As people continually fail to improve on the silence, I am more and more contented in my aloneness.

I grow weary of wasted presences.

I could be very clearly going mad.

Or getting mad clear.


When you see me
Tryin' to do good
It's just Jesus, Jesus in me
It's just Jesus, Jesus in me...
- The Clark Sisters

It's a new level of fat to be 400 pounds and be named after a snack.

I'll be damned if they would call me Twinkie if I was big as shit.

Let me stop.

No, fuhreal, fuhreal.

I should stop.

A new start, and new beginning, and new adventure. That's what I keep telling myself.

Exciting, yet daunting.

I'm tired of starting over though.


Bernadine: I give you 11 fucking years of my life and you're telling me you're leaving me for a white woman?
John Sr.: Would it help if she was black?
Bernadine: No. It would help if you were black.

Men make my soul itch.

I s'pose I let them make my soul itch, but I'll be damned if I can't scratch deep enough to relieve the irritation.

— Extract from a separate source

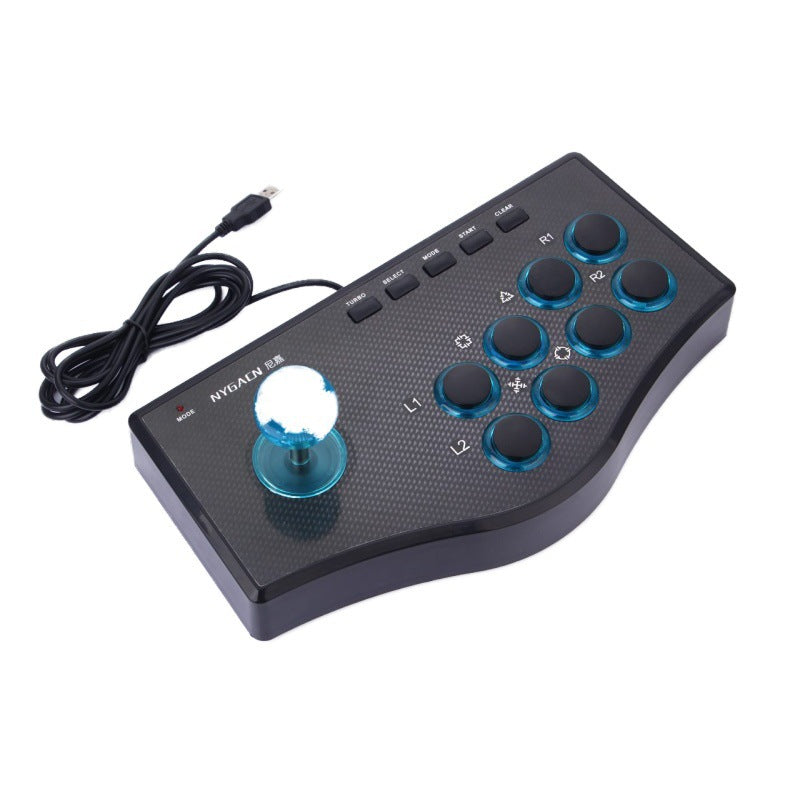 PC Fight Ps3 TV Set Top Box Long Stick Arcade Game Rocker Computer Usbf Boxer — view 5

How the fuck you gon' get strong off of my fortitude, get back on your feet, and roll your new and improved ass out here post haste and get yourself another woman to grandstand with and for?

Are you serious?

Well, it happens. That's why I keep telling women to leave these fixer-upper nigrayshuns alone. Let them fix they OWN gatdamn self up. Fix up your own shit.

You won't build your house using my timber and my nails and my hammers and my sweat and my time and my skills and then don't even invite me in that muthafucka for a cool drink.

Naw. It's not going down like that.

Now I can fucks with you if you have potential and the resources to help yourself.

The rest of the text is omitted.